**YOUR OBJECTIVE**
Output only the lines of the entries that follow, starting at the one with "Pokemon - Espeon Pop! Vinyl" and running down to the one with "2681 South Coho", both included and unchanged.

======== DATA ========

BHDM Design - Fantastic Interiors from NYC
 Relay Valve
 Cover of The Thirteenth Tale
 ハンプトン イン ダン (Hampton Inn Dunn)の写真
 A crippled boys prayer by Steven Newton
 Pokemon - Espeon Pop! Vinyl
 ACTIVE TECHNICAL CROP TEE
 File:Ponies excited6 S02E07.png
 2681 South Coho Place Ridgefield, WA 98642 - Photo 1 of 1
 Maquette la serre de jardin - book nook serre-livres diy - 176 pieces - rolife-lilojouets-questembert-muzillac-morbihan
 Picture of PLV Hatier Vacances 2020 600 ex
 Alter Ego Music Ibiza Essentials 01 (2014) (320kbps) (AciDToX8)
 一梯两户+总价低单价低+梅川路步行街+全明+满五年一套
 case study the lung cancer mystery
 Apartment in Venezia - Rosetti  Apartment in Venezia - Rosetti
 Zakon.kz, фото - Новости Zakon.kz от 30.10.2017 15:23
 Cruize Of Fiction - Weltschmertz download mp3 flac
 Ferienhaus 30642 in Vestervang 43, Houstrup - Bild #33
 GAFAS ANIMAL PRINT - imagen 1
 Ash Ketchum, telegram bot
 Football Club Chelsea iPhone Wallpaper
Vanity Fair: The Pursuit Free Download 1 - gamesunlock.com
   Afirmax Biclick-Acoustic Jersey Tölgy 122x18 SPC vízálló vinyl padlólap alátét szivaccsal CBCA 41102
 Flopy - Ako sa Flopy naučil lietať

========

**RESPONSE**
 Pokemon - Espeon Pop! Vinyl
 ACTIVE TECHNICAL CROP TEE
 File:Ponies excited6 S02E07.png
 2681 South Coho Place Ridgefield, WA 98642 - Photo 1 of 1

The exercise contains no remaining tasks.